We are testing whether these low-cost, easily replicable and scalable interventions can be successful in improving jobs-related and social outcomes for participating youth. If so, there is great potential for scale-up in Rio de Janeiro and in other parts of Brazil, especially as the Brazilian government is currently planning a major effort to modernize technical and vocational training and align this with private sector needs. We’ve already received quite a bit of attention in the Brazilian press (here, here, and here, for example).
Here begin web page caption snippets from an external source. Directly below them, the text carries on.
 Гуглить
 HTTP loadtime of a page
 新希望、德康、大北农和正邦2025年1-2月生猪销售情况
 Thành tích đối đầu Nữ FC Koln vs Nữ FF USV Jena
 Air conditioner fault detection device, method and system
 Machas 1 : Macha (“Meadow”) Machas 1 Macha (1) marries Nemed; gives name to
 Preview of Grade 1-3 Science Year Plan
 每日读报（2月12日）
Programe o seu Futuro is a labor of love but, in this case, love is not all we need. All partners are contributing what they can. Vila Olimpica is contributing space for the program and community outreach. Banco Maré, SICOOB, and the Blockchain Academy are contributing their curricula and expertise. SICOOB is, additionally, donating forty computers for a lab at Vila Olimpica which will serve the community for years to come. Brazil’s Securities and Exchange Commission, Comissao de Valores Mobiliarios (CVM) is providing local convening power and leading ongoing efforts to mobilize private sector partners to fund program scale-up and further testing (conditional on successful results from our initial RCT) and to create linkages with firms that may be interested in hiring Programe o Seu Futuro participants, since these youth are not part of the population that would not normally be considered by such firms (see their official press release). The World Bank is leading on the research side and contributing funds for the RCT, coordinating the broader effort, and linking the work to national policy.
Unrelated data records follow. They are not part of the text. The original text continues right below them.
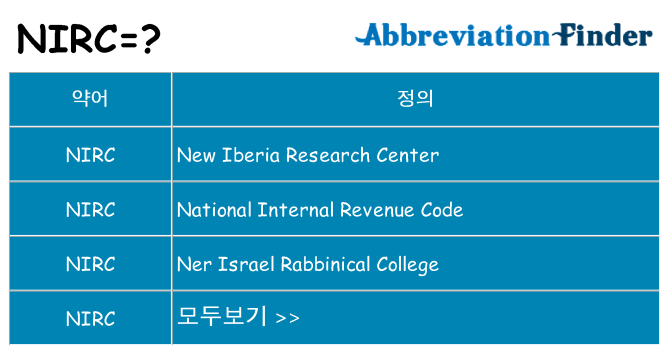 nirc 대 한 무엇을 서가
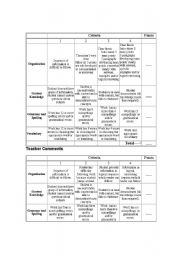 English worksheet: Thesis paper writing rubric for EAP students 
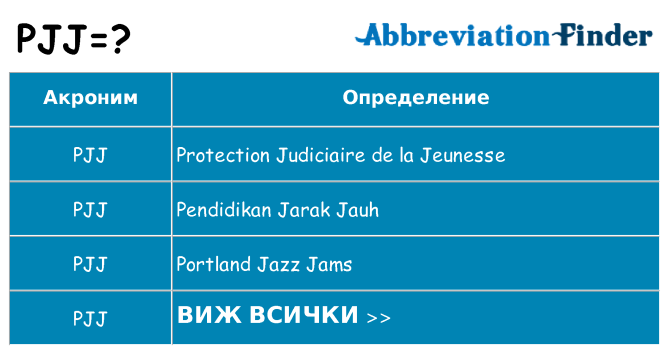 Какво прави pjj престои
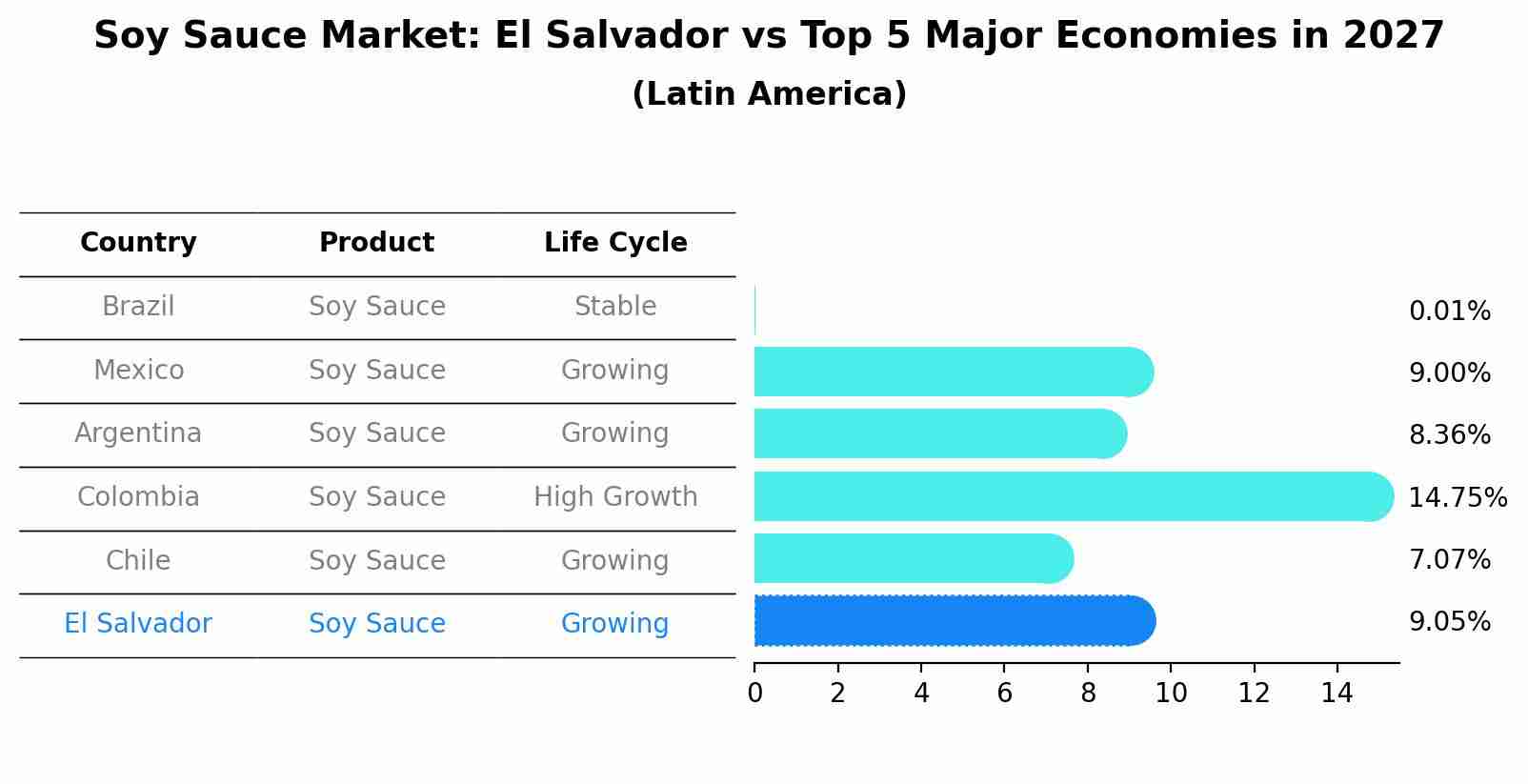 Soy Sauce Market: El Salvador vs Top 5 Major Economies in 2027 (Latin America)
Here's what some of our participants have to say so far:
Thamires, 19-years old, participating in Jovem Alerta: “The most interesting thing was learning about the details related to the labor market. we learned about how to take part in selection processes, how to deal with the work environment, how to dress for work, etc...I’ve already tried to start other courses and activities here, [but] this region does not have many options. This was the opportunity I found, and that’s why I chased it and came to class today.”
Rawide, 18 years old, participating in the programming course: “I think the class was very interesting...Now I know what programming means. I think about going to college. Maybe a Bachelor in Physical Education. But if I learn enough in this course, I now think I could also go on as a programmer... I’ve never seen courses like this being offered here. This is the first time!”